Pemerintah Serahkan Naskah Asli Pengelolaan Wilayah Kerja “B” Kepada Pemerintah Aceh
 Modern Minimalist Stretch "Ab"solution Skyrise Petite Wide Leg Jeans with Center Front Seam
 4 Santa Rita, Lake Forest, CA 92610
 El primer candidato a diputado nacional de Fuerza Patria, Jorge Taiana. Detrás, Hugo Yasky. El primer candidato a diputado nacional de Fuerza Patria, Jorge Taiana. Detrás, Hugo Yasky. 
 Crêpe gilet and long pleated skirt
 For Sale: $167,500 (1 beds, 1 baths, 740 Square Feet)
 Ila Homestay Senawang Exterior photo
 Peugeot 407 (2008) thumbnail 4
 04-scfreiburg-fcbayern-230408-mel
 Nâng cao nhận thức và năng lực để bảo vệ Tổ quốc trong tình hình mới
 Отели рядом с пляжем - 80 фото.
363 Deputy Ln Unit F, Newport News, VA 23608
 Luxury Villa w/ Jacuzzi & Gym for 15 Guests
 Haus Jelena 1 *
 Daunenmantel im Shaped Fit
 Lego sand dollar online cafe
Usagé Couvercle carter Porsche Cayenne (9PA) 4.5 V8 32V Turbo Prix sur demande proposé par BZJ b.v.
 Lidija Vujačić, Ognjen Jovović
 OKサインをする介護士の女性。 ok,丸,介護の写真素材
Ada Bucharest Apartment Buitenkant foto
========
**ACTIVITY:** Everything from the line that has "Lidija Vujačić, Ognjen Jovović" to the final line above should be retyped exactly, and nothing else.

**SOLUTION TO THIS PROBLEM:**
 Lidija Vujačić, Ognjen Jovović
 OKサインをする介護士の女性。 ok,丸,介護の写真素材
Ada Bucharest Apartment Buitenkant foto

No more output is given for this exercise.